Carezco de realidad, temo no interesar a nadie. Soy un guiñapo, un dependiente, un fantasma. Vivo entre temores y deseos; temores y deseos que me dan vida y que me matan. Ya he dicho que soy un guiñapo.
Yazco en la sombra, en largos e incomprensibles olvidos. De pronto me obligan a salir a la luz, una luz ciega que casi me asegura la realidad. Pero luego se ocupan otra vez de ellos y me olvidan. De nuevo me pierdo en la sombra, gesticulando con ademanes cada vez más imprecisos, reducido a la nada, a la esterilidad.
La noche es mi propio imperio. En vano trata de alejarme el esposo, crucificado en su pesadilla. A veces satisfago vagamente, con agitación y torpeza, el deseo de la mujer que se defiende soñando, encogida, y que al fin se entrega, larga y blanda como una almohada.
Vivo una vida precaria, dividida entre estos dos seres que se odian y se aman, que me hacen nacer como un hijo deforme. Sin embargo, soy hermoso y terrible. Destruyo la tranquilidad de la pareja o la enciendo con más cálido amor. A veces me coloco entre los dos y el íntimo abrazo me recobra, maravilloso. Él advierte mi presencia y se esfuerza en aniquilarse, en suplirme. Pero al fin, derrotado, exhausto, vuelve la espalda a la mujer, devorado por el rencor. Yo permanezco junto a ella, palpitante, y la ciño con mis brazos ausentes que poco a poco se disuelven en el sueño.
Debí comenzar diciendo que todavía no he acabado de nacer, que soy gestado lentamente, con angustia, en un largo y sumergido proceso. Ellos maltratan con su amor, inconscientes, mi existencia de nonato.
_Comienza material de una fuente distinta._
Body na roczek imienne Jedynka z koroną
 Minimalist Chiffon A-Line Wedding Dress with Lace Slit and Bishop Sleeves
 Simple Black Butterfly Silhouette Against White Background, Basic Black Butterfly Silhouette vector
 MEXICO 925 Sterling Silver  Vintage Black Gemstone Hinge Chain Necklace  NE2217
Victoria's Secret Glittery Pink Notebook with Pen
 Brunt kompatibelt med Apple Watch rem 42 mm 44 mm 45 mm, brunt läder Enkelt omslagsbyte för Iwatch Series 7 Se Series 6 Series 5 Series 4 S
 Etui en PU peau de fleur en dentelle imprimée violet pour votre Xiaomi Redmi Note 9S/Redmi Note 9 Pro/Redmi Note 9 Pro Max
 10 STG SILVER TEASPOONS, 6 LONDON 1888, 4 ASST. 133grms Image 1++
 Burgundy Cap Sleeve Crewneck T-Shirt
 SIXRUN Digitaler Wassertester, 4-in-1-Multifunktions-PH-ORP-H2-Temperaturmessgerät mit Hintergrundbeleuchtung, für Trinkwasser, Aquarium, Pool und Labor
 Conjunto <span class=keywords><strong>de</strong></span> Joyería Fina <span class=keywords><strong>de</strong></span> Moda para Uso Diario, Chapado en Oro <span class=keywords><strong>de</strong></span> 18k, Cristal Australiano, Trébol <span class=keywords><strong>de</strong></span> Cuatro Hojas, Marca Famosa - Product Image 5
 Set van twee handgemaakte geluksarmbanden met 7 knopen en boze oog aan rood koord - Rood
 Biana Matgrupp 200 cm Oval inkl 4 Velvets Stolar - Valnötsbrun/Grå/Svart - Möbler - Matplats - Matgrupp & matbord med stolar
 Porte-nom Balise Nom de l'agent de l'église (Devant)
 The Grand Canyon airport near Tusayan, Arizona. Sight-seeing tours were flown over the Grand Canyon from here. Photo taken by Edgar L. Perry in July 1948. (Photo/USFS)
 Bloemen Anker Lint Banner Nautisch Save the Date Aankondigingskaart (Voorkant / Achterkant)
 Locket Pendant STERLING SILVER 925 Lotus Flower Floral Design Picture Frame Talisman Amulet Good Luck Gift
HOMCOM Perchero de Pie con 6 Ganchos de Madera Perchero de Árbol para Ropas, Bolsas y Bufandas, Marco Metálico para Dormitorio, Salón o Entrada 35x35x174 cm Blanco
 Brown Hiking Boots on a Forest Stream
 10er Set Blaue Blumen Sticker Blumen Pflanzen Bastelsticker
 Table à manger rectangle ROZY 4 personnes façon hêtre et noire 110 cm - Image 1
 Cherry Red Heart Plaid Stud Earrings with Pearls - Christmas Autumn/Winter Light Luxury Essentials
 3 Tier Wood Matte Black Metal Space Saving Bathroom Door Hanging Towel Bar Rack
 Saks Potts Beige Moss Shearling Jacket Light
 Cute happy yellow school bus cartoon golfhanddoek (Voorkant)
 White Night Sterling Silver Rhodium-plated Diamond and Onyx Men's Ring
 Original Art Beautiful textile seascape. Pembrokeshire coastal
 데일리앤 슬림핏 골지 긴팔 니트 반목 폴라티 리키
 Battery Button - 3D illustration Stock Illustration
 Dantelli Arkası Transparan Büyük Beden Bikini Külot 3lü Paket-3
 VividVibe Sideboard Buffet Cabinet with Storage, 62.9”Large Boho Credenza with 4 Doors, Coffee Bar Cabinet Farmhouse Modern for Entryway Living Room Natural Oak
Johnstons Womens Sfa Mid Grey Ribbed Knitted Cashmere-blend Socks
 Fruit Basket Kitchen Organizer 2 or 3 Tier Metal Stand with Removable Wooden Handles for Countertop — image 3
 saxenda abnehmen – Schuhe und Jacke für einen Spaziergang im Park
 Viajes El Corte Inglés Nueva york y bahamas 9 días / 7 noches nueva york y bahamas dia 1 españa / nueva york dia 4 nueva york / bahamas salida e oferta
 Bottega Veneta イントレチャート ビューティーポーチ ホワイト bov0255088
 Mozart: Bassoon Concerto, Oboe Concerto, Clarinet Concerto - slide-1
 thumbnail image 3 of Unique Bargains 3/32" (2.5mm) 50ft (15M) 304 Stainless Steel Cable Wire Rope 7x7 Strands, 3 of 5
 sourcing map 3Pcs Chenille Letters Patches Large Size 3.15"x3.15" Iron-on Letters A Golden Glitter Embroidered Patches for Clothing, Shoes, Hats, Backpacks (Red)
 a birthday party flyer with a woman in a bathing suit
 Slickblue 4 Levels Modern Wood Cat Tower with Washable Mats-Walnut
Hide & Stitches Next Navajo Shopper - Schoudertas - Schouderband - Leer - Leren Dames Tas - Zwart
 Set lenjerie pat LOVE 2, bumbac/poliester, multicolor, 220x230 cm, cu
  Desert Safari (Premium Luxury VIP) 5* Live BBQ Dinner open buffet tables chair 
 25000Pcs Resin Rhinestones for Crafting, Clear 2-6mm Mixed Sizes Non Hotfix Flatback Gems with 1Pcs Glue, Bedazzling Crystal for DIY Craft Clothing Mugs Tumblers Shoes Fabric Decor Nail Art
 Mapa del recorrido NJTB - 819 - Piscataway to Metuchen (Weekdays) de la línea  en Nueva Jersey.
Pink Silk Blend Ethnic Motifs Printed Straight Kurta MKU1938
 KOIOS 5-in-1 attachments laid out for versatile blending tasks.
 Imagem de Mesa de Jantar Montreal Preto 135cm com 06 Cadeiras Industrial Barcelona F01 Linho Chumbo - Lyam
Trabajan largamente mi vida entre sus pensamientos, manos torpes que se empeñan en modelarme, haciéndome y deshaciéndome, siempre insatisfechos.
Pero un día, cuando den por azar con mi forma definitiva, escaparé y podré soñarme yo mismo, vibrante de realidad. Se apartarán el uno del otro. Y yo abandonaré a la mujer y perseguiré al hombre. Y guardaré la puerta de la alcoba, blandiendo una espada flamígera.